[Opening SUPPLIED RECORDS section]

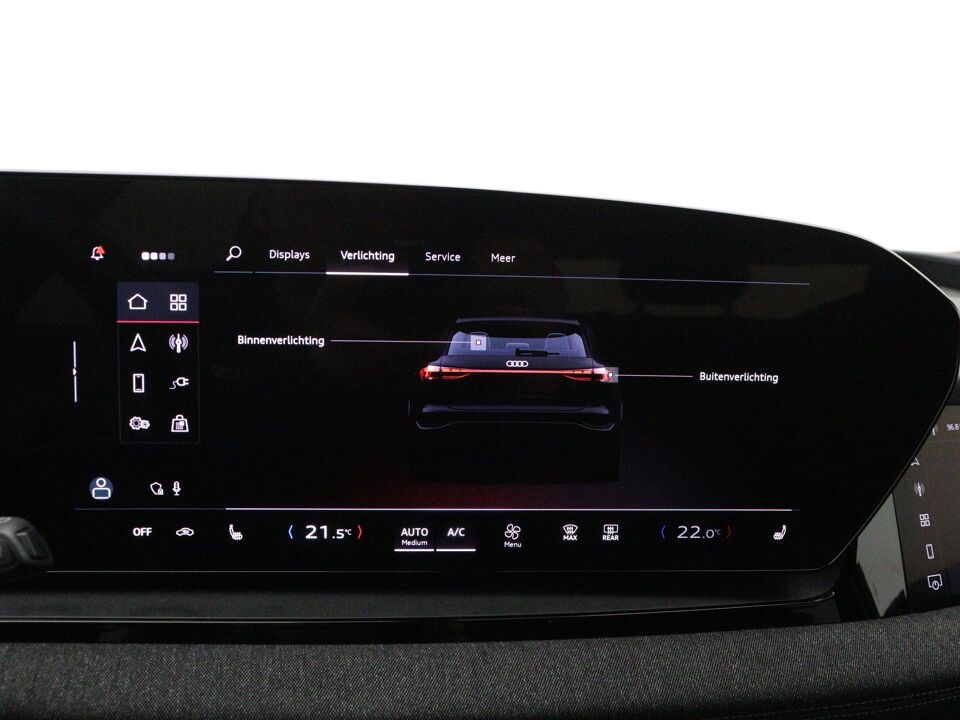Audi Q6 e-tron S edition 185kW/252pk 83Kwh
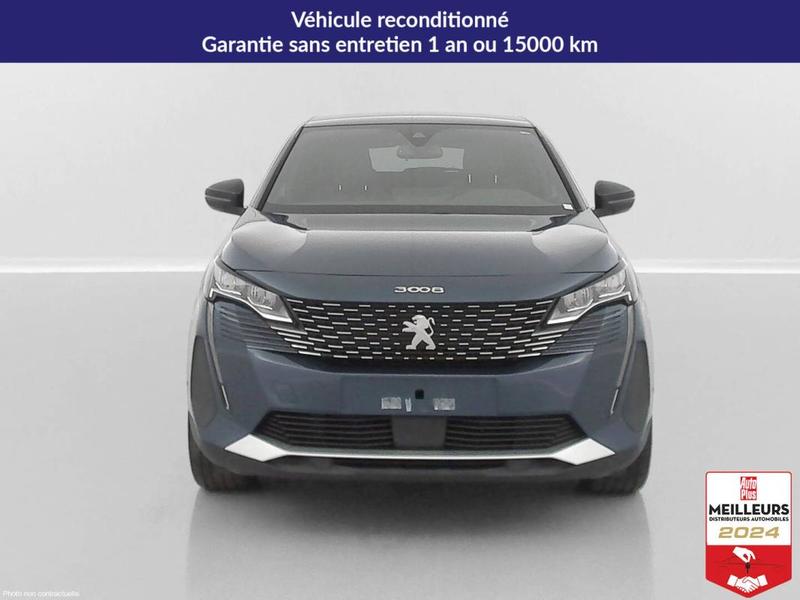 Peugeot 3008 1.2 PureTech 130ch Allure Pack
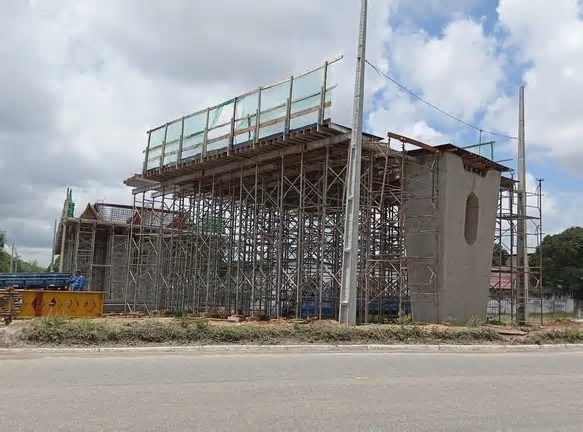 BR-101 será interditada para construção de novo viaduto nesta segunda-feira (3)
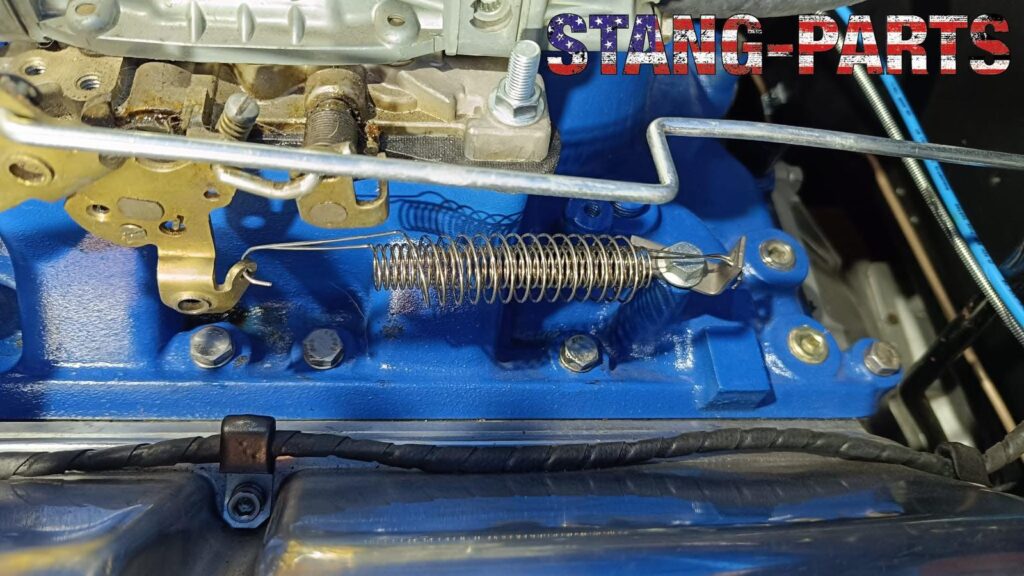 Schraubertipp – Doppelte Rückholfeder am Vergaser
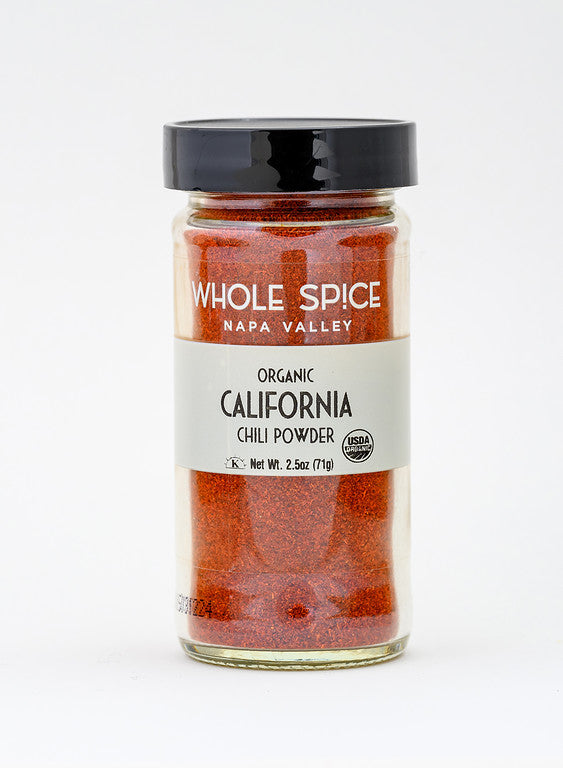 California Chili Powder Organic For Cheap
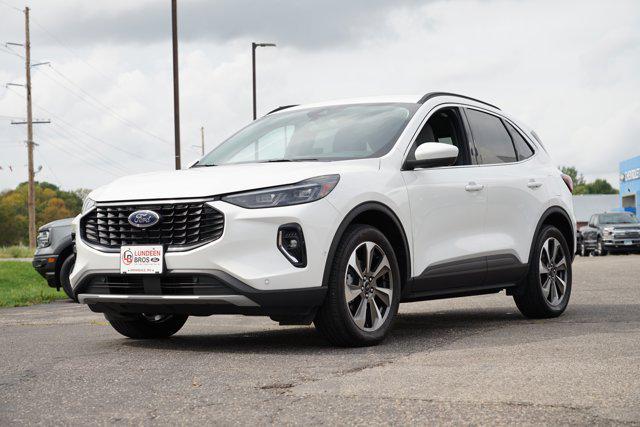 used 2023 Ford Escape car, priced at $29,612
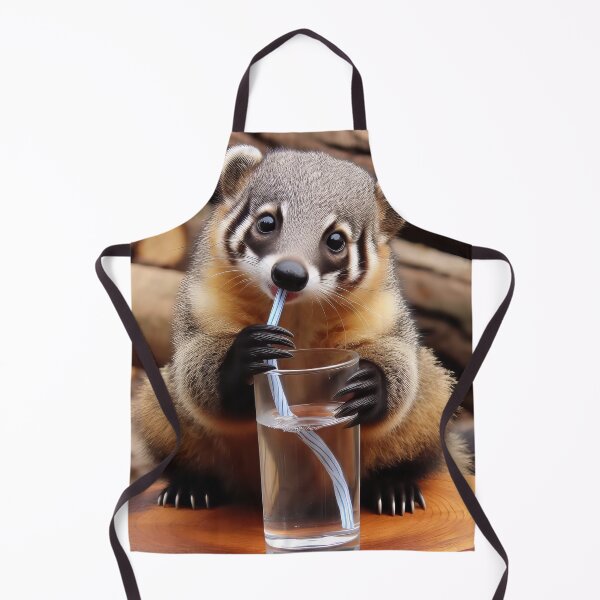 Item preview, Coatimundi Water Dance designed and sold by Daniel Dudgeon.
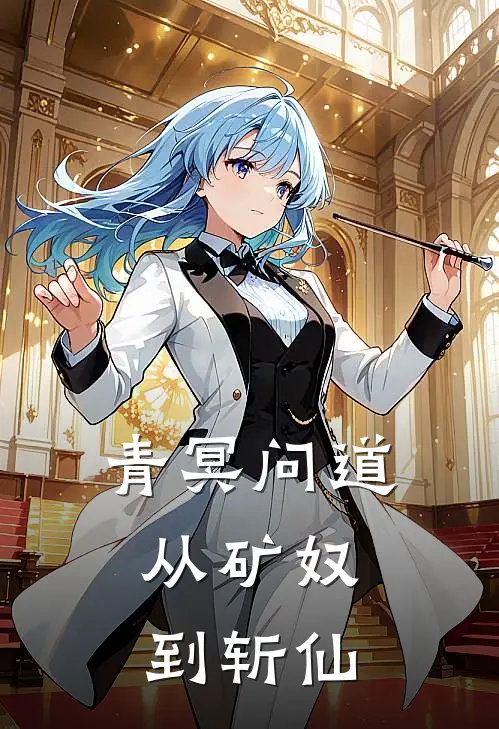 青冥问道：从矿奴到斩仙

[Closing SUPPLIED RECORDS section]

PROBLEM:
Write the records out again exactly as shown above, keeping no pictures.

EXERCISE RESPONSE:
Audi Q6 e-tron S edition 185kW/252pk 83Kwh
 Peugeot 3008 1.2 PureTech 130ch Allure Pack
 BR-101 será interditada para construção de novo viaduto nesta segunda-feira (3)
 Schraubertipp – Doppelte Rückholfeder am Vergaser
 California Chili Powder Organic For Cheap
 used 2023 Ford Escape car, priced at $29,612
 Item preview, Coatimundi Water Dance designed and sold by Daniel Dudgeon.
 青冥问道：从矿奴到斩仙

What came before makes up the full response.